His English was impeccable, as he had spent seven years going to school in Australia.  His parents thought he could get a better education there than in Taiwan.  When he came home during summer break he couldn't stay more than two months, otherwise he would have lost his student deferment and been immediately conscripted.

He is an ardent basketball fan and envied me that I was from Chicago and was old enough to have seen Michael Jordan play.  Baseball used to be the most popular sport in Taiwan, especially since teams from the island once dominated the Little League World Series, winning the title seventeen times beginning in 1969.  Eleven Taiwanese have made it to the Bigs in the US, the first in 2002.  But basketball has overtaken baseball as the most popular sport in Taiwan, largely due to chronic and pervasive mob-related game-fixing and betting scandals.  

One can place a bet legally in Taiwan on any sporting event, including the NBA and MLB.  The public lost all interest in Taiwanese baseball when it became clear that the fixing of games was so deeply rooted that not a single action on the field could be trusted. As it is, any player with talent goes to play in Japan, and if he is truly talented, to the US.  The only time the Taiwanese can trust their players to be giving it their all is in international tournaments.  Those games the players truly care about, especially when Taiwan is playing Japan.

As we talked, the rain miraculously abated. Clouds still hung heavy and low, but I couldn't resist the lure of the temples.  There were a couple within a ten minute stroll.  I could always turn back if the rain resumed rather than making any of the several loops.  Just below the Visitor Center was a temple alongside a stream with several illuminated glassed-in Buddhas under a large overhang.




The first temple on the trail to the mountain top was much more rustic and basic, more a simple shrine than a temple.



As at most of the temples I have visited here, there were offerings of food.



There were more pavilions than temples along the trail, offering shelter for rest and reflection.



A jolly over-sized Buddha peered down upon the trail from another of the temples.



Some of the temples started out small, then grew and grew, completely camouflaging the cave that was there origin.

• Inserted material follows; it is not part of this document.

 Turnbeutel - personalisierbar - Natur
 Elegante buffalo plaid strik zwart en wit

The trail was paved and wide enough for a car to reach these larger temples.  A spur led off to a sacred seven-trunked 400-year old camphor tree that had a 100-year old companion.  It is known as the Mother-and-Child Tree.

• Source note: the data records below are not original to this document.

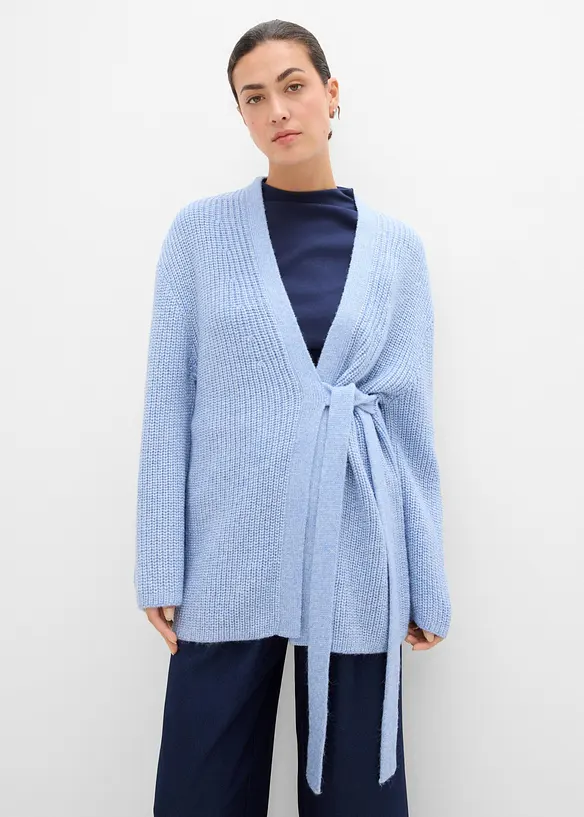 Cardigan oversize incrociato, bonprix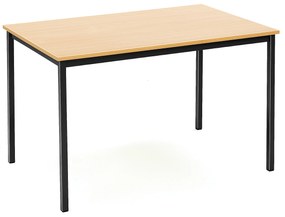 Jedálenský stôl JAMIE, s 22 mm hrubou laminovanou doskou, 1200 x 800 mm,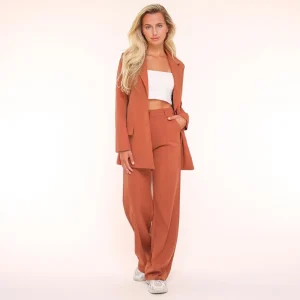 Missen Olivia & Kate Roest Oranje Basic Rechte-Blazer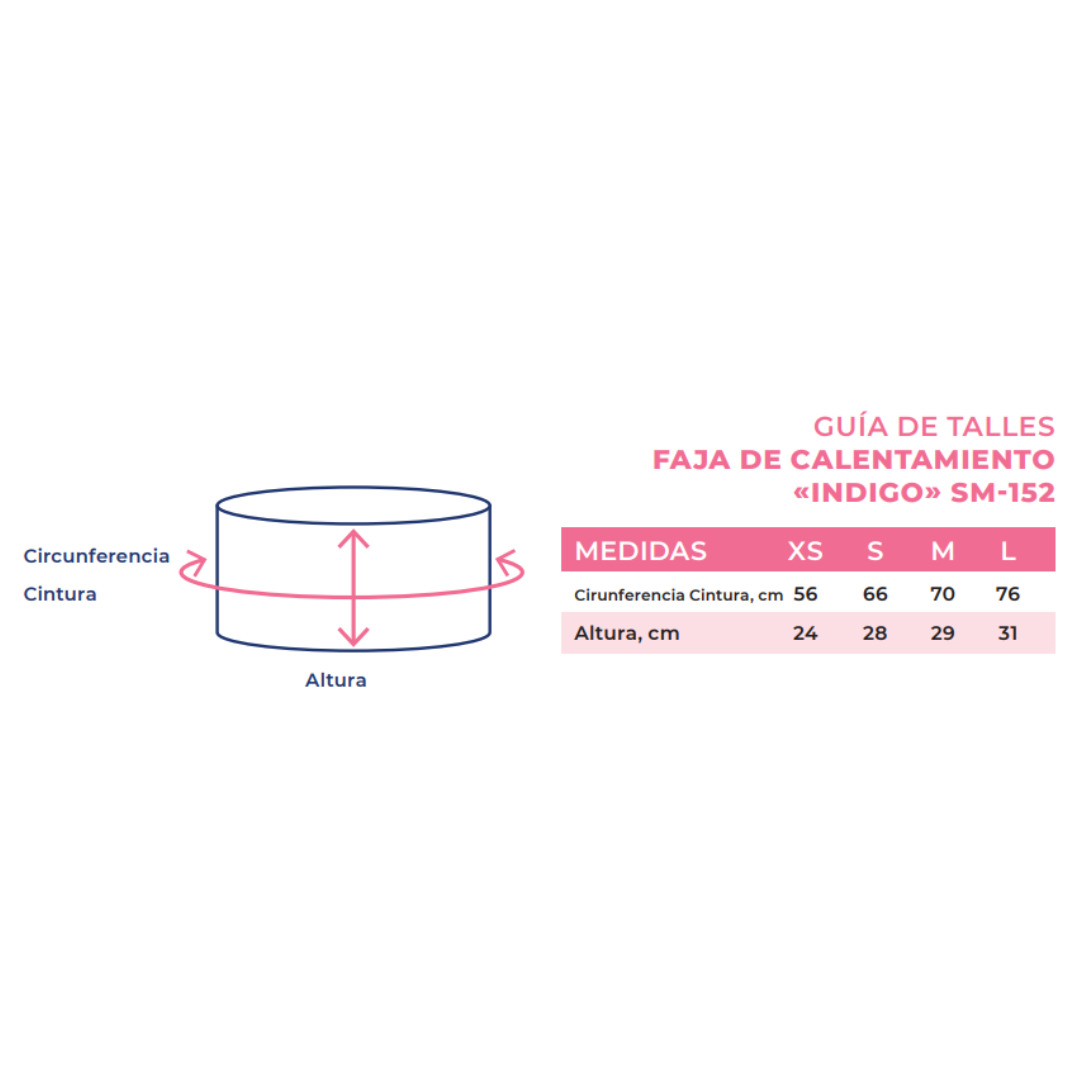Faja de Calentamiento de Lana INDIGO 42*20 cm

If this had been one of my sunny days, I would have continued my hike to the summit of the mountain and its weather station and on to the point where the trail had been blocked by a landslide, a common feature of Taiwan.  I saw many on the roads with large teams of workers dangling from ropes on cliff sides mounting metal netting trying to contain the cliff from sliding any more.  One road through the middle of the country has been closed for several years from a severe landslide.  

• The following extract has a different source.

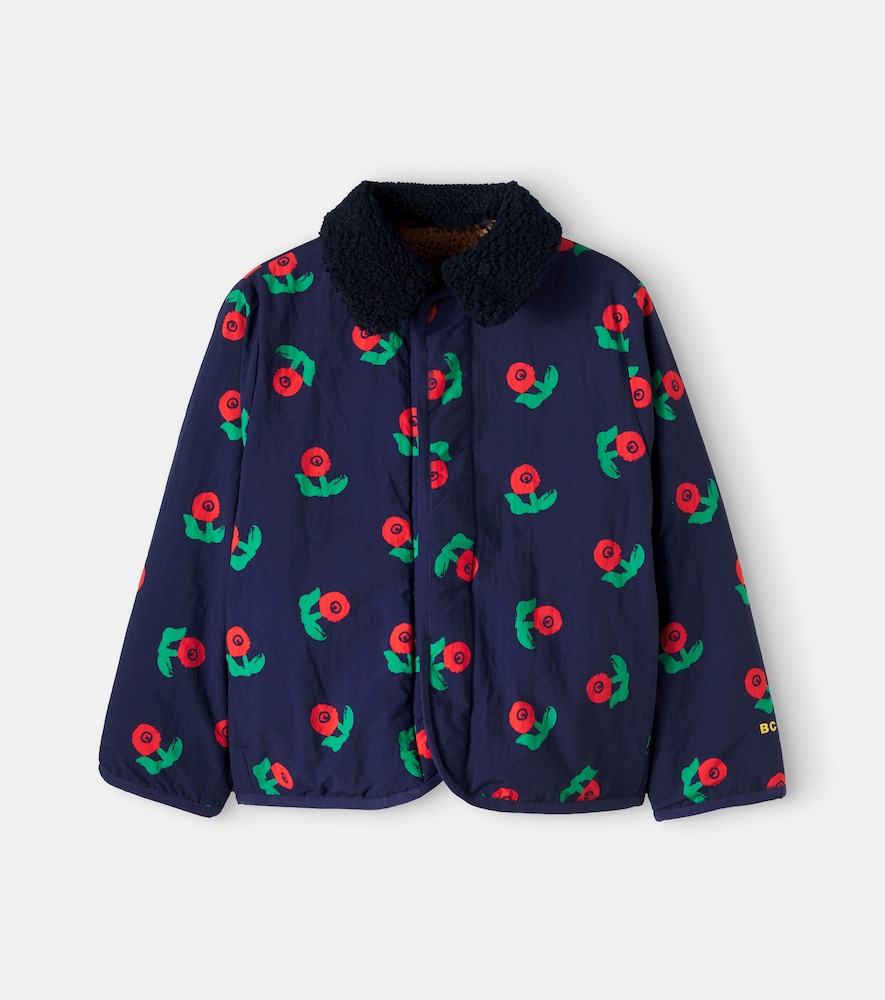 Wendbare Jacke Stamp Bloom mit Teddyfleece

One has to be continually wary in the mountains when it is raining that rocks could come atumbling.  The threat of rain held off until late in the afternoon.  I was within forty miles of Taipei and just enduring its sprawl when the rain recommended.  I immediately began looking for a place to camp.  There was too much light to take advantage of several potential sites past fields into forested mountainsides.  With the rain came a strong north wind, so I wanted a site protected from the wind.  I at last found one in a field of high reeds.  I was fortunate to find it before I was too wet.  With the temperature plummeting I needed to add some layers and use my sleeping bag as a quilt while I had another wonderful night of eating and reading in my tent, the last one of these travels before a final two days in Taipei.